One of the great aspects of process driven art is that with a little help from a home visitor and/or a parent, the child can have fun learning about the process while still producing a product that everyone recognizes. Process driven art can be used as an extension activity for a book in the PCHP curriculum or as a stand-alone art activity.



Here is a wonderful extension activity to accompany the book “Cows Can’t Jump”.



This book is a great way to get children up and moving! There are many types of animals and examples of the ways they move such as “slither”, “wallow” and “pounce”. As an extension activity for this book, you can make a snake using a paper plate process driven art project. Paper plates (plain, white plate with no waxy coating) are perfect for process driven art as they are perfect for paint, dot markers, crayons, glue, and many other art mediums.


As you can see in this picture, the child is decorating the plate using markers and bits of paper he has cut himself. It does not matter how he applies the pieces of paper or how he draws with the marker. If he is engaged, he can work longer; and if he becomes tired of working on the project, it can end at any time.

The home visitor and/or the parent can narrate what the child is doing and ask questions about what the child is doing, for example:

  • I like that green square you cut out, where are you going to put it?
  • Are you going to put it next to the pink piece of paper?
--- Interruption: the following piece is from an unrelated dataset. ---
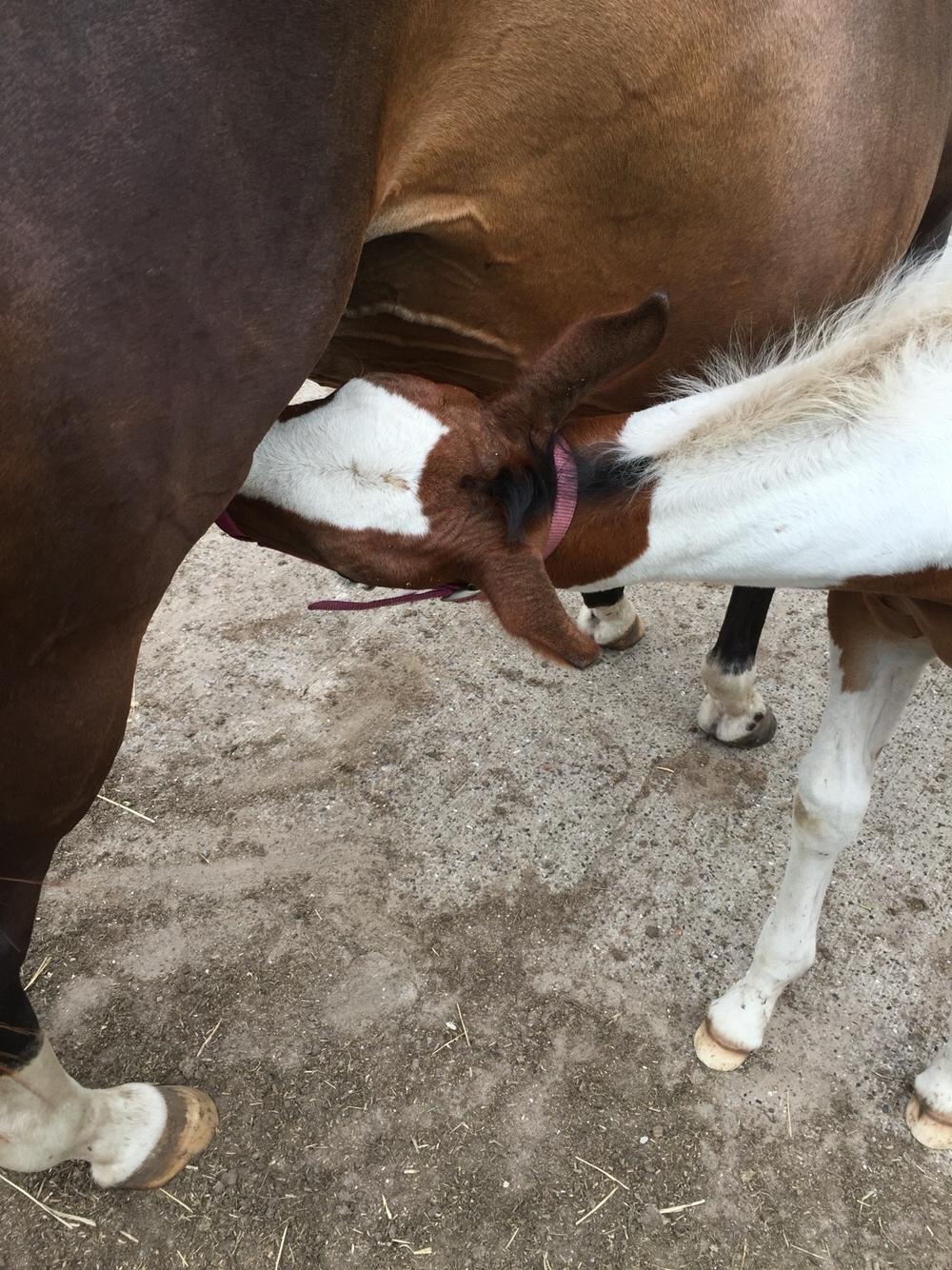 Anden særlig race Holmbergs Kiki Nova billede 10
Oh, I see you are going to put it above the blue line that you drew.

If a home visitor and parent are working with the child together, the home visitor can encourage parent engagement by asking questions:

  • Would you like to hold the markers? He can ask you what color he would like to use next.
  • He has a lot of purple squares on the plate, can you help him count them?
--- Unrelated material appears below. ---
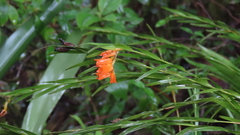 Isochilus aurantiacus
While the child is creating and learning how to use these tools he will be hearing new vocabulary as well as hearing words he already knows.


When the child has completed the decoration to their satisfaction, the parent or home visitor can help cut the plate in a spiral and the child can glue on eyes and the tongue. The end result is a “slithering” snake that the child recognizes and is proud of.

When a child is learning in this environment, it can strengthen the parent-child relationship as they work together to complete a project. The parent can take on the role of the “helper” which can help build the self-esteem of the child who is normally the one in need of help. When a child completes a project like this, he/she learns what it is like to achieve a goal and complete a task successfully. If the project becomes frustrating, the child learns to regulate their emotions and to communicate their needs, which is key to social-emotional development.

If a mistake is made during process driven art, it is rarely important and a child can learn that in order to learn mistakes will be made and that they are part of the process and not something that should deter you from continuing to try. Success requires effort.

With a basic art kit of markers, glue, scissors, colored paper, and household items like paper plates, egg cartons, or paper tubes, families can easily provide children wonderful opportunities to create, explore pre-writing skills, and become confident and self-assured learners.



Here are a couple more examples of book-related activities you can make using process driven art.


Butterflies can be made with coffee filters, markers, and water (or rain!) and a pipe cleaner.